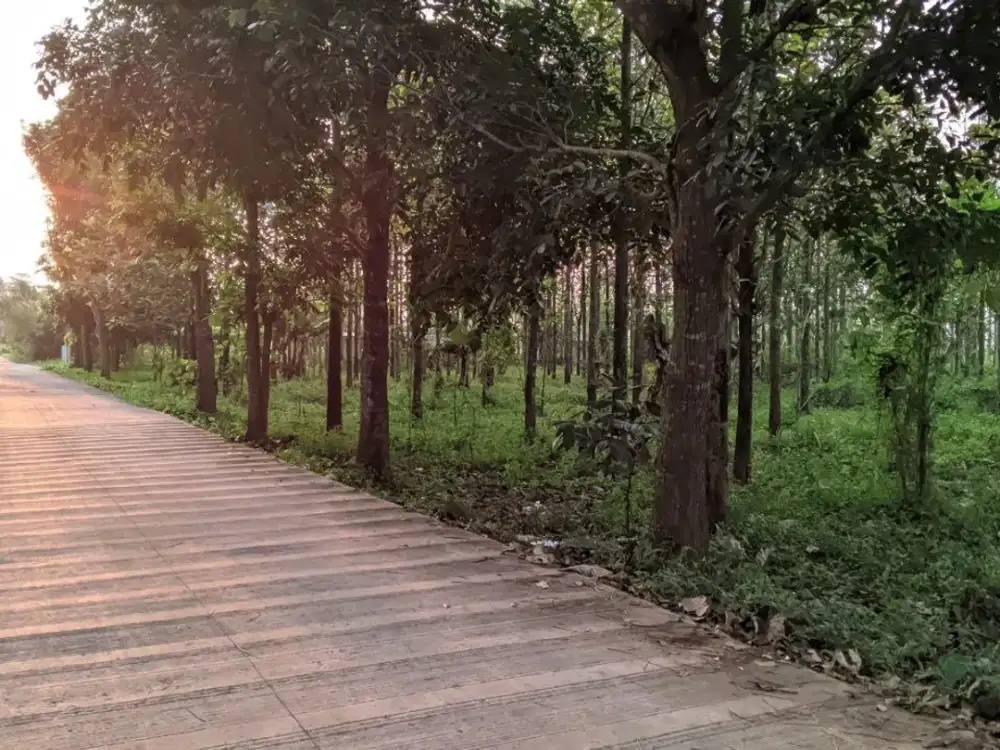 DIJUAL TANAH DATAR || HARGA DIBAWAH PASARAN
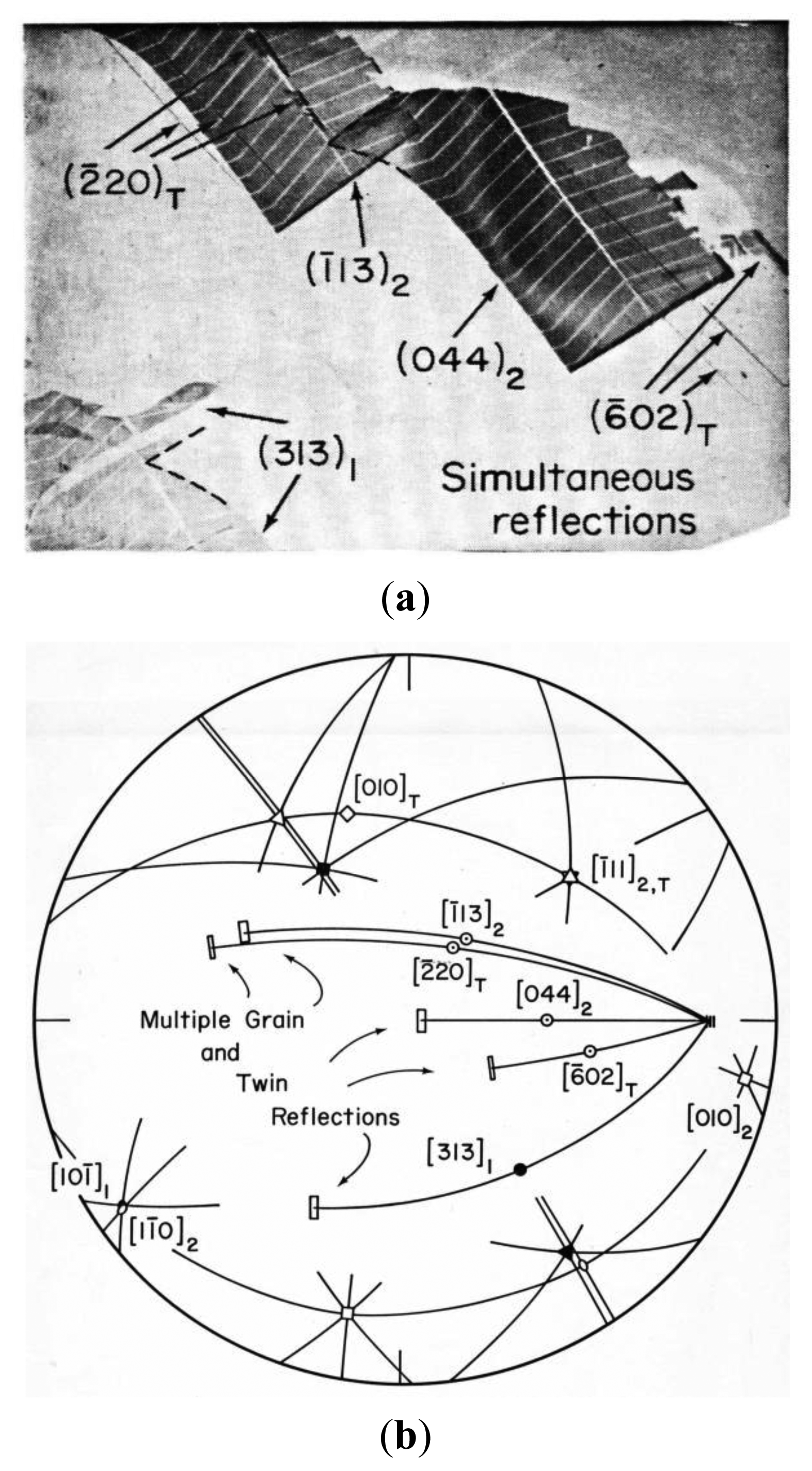 Symmetry 06 00148f13 1024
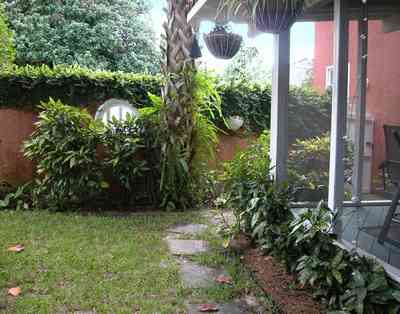 North-Hill:-123-West-Lloyd-Street_30.jpg:  backyard, stucco walls, palm tree, window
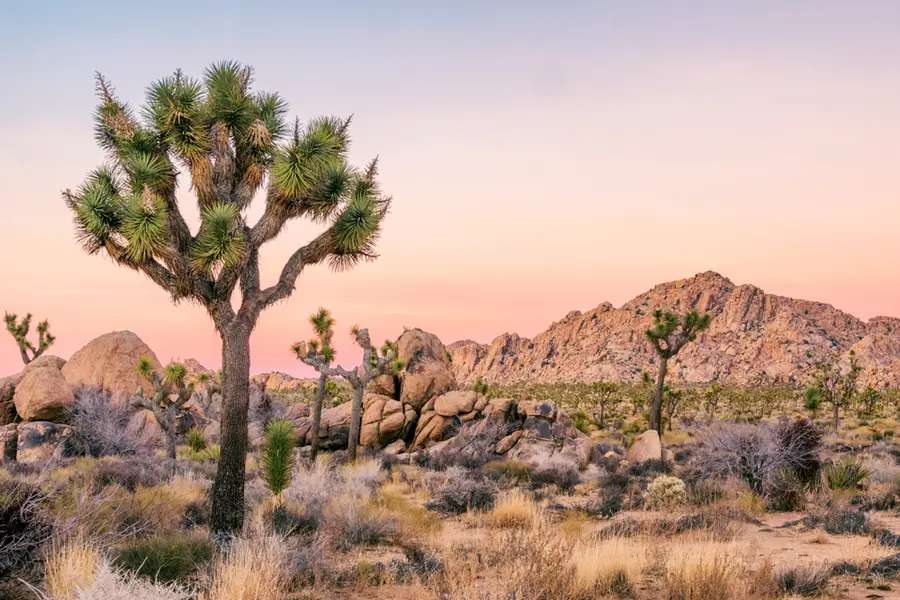 Joshua Tree National Park, Taman Nasional Unik di California dengan Pohon Joshua dan Lanskap Gurun, Waktu baca 4 menit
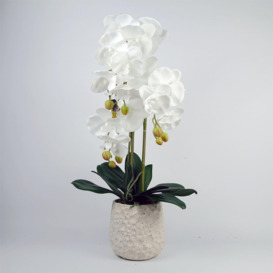 60cm Pure White Orchid with Ceramic Bubble Planter - thumbnail 1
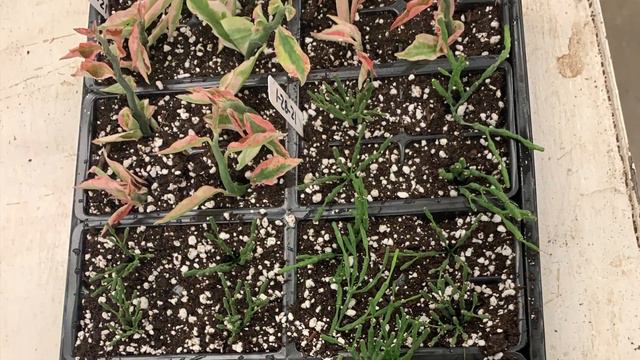 Propagating Two Euphorbia and a Hatiora смотреть онлайн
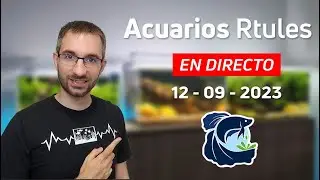 🔴 DIRECTO! Descubre Todo lo que Quieras Saber | AcuariosRtules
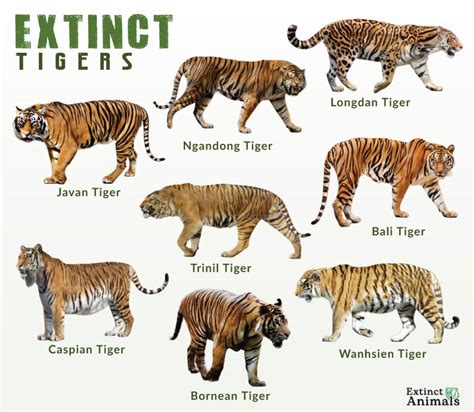 Types of Extinct Tiger Species and Subspecies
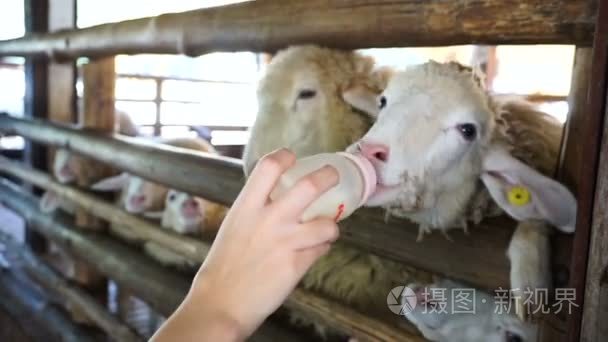 手给可爱的羊喂牛奶瓶视频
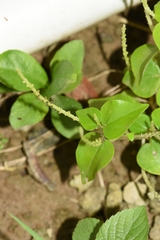 Peperomia pellucida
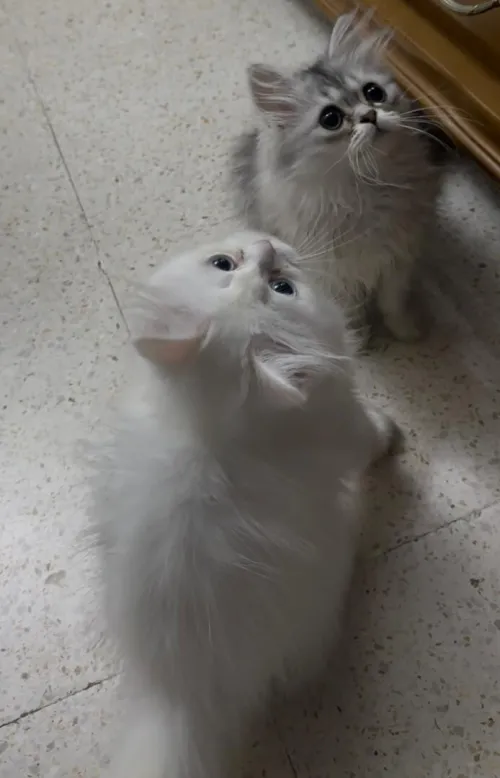 chatons persan de deux mois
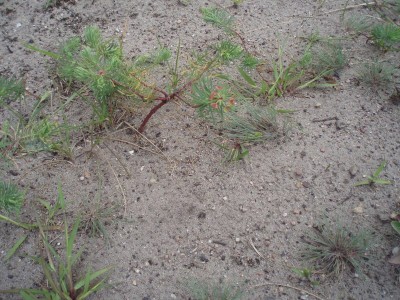 Przeziernik zasiedla kłącza wilczomlecza sosnka Euphorbia cyparissias rosnącego na luźnych piaskach.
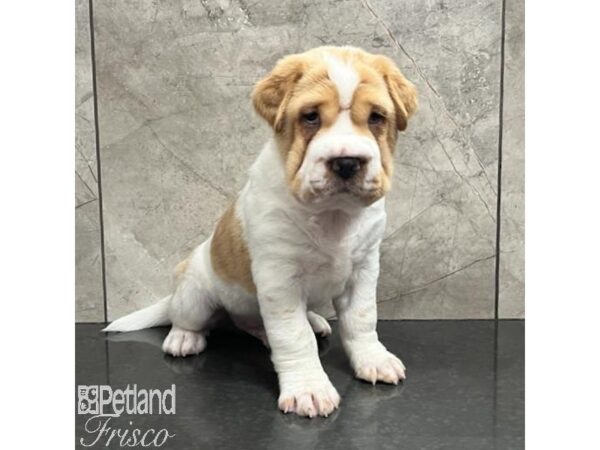 Hippo Mini Dog Male White and Buff 30764 Petland Frisco, Texas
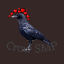 Crow SMP Crow SMP
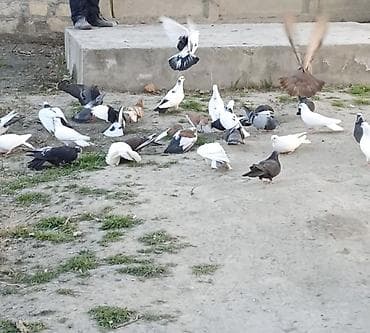 Salam Əleykum. Çoxdu göyərçinlərim. cürbəcür var. ən ucuz 3azn. Daha lalafo.az -da Salam Əleykum. Çoxdu göyərçinlərim. cürbəcür var. ən ucuz 3azn. Daha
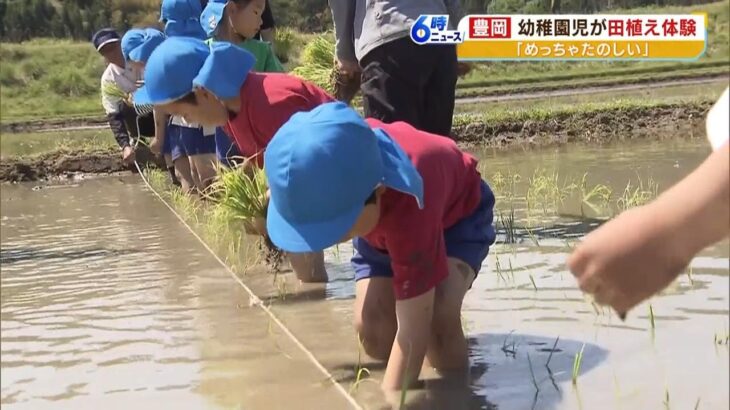 「おたまじゃくしがおって楽しい」園児たちの泥だらけの田植え体験　食育の一環で（2023年5月11日）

**Exercise description:**
Exactly and only the lines from the one holding "Crow SMP Crow SMP" through the final line of the material must be returned, both ends included, without any pictures.

**Exercise answer:**
 Crow SMP Crow SMP
 Salam Əleykum. Çoxdu göyərçinlərim. cürbəcür var. ən ucuz 3azn. Daha lalafo.az -da Salam Əleykum. Çoxdu göyərçinlərim. cürbəcür var. ən ucuz 3azn. Daha
 「おたまじゃくしがおって楽しい」園児たちの泥だらけの田植え体験　食育の一環で（2023年5月11日）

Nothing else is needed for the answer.